Ainda, segue o fato de que nós geralmente nos prendemos à ilusão da auto-suficiência cósmica o máximo que podemos, e de que é necessário, como uma regra, um fenômeno preternatural de algum tipo para nos abalar para fora de nossa complacência ontológica costumeira. Ora, no nível da física, o colapso de um vetor de estado de fato constitui um evento preternatural; pois, como vimos, esse colapso exibe uma ação da natura naturans. O prodígio do colapso do vetor de estado está no fato de que de uma certa forma ele “detecta” a ação radial da natura naturans, e por isso, se preferir, “apanha” o próprio ato criativo.
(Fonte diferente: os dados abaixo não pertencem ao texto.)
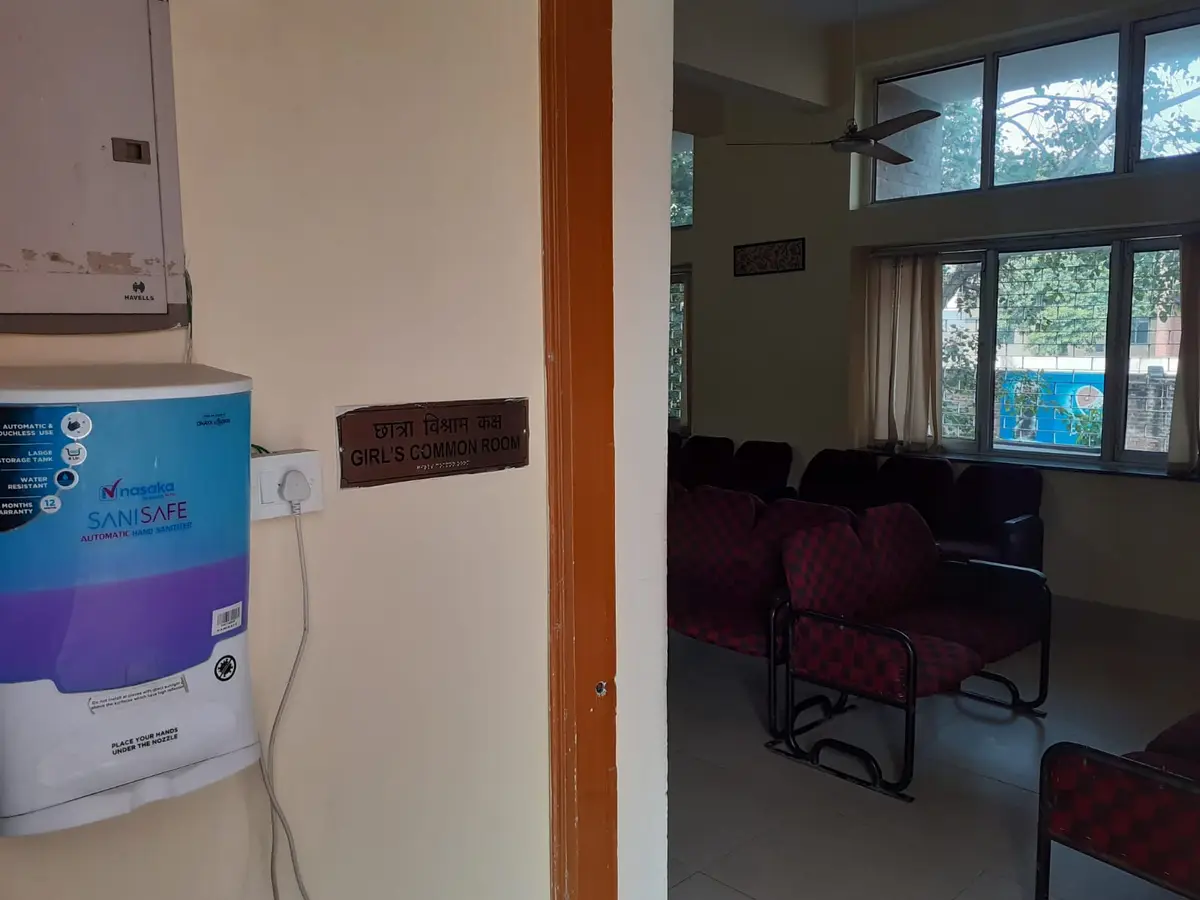 RLAC campus photo 7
O ato cosmogenético, em outras palavras, pode de um certo modo ser observado “aqui e agora” através de uma transição do plano sub-existencial para o plano corpóreo, porque a transição – que é necessariamente instantânea – não pode ser atribuída a nenhuma causa secundária. O que encaramos aqui é um exemplo de causação “vertical”, o modo que age “fora” do tempo e que deriva diretamente do Centro metacósmico. Em uma palavra, testemunhamos “um ato de Deus”. Devemos, contudo, nos lembrar de que Deus age “uma só vez”, como o Mestre Eckhart ressalta; o que significa dizer que a multiplicidade pertence não à Causa transcendente, mas precisamente aos efeitos criados. Mais uma vez: Qui vivit in aeternum creavit omnia simul. E, assim, o que em um certo sentido testemunhamos não é simplesmente “um ato de Deus”, mas de fato “o Ato de Deus”: o único e indivisível Ato de criação. E, finalmente, aí está o milagre do colapso do vetor de estado. [17]



Notas

15. Meister Eckhart (C. de B. Evans, trad. Londres: Watkins, 1924), vol I, p. 209. Podemos acrescentar que o “presente agora” do Mestre Eckhart não é nada mais do que o nunc stans da Escolástica (“o agora que permanece”). De acordo com a doutrina metafísica tradicional, o tempo não é feito de “momentos presentes” – assim como a linha euclideana não é feita de pontos. Na realidade, há somente um “presente agora”, cujo tempo é na verdade uma “imagem em movimento”, como diz Platão. Neste assunto profundo e difícil, remeto especialmente às referências de Coomaraswamy e Nasr citadas na nota 10. Veja também Cosmos and Transcendence, op. cit., cap. 3, onde eu tratei dessa questão com alguma profundidade.

16. Confissões, 7:11.

17. Para prevenir uma possível má compreensão: não estou sugerindo, certamente, que o físico constitui o nihil “a partir do qual” Deus criou o mundo. O simples fato de que os sistemas físicos são definidos pela especificação (e, conseqüentemente, pressupõem o corpóreo) basta para deixar de lado essa tese.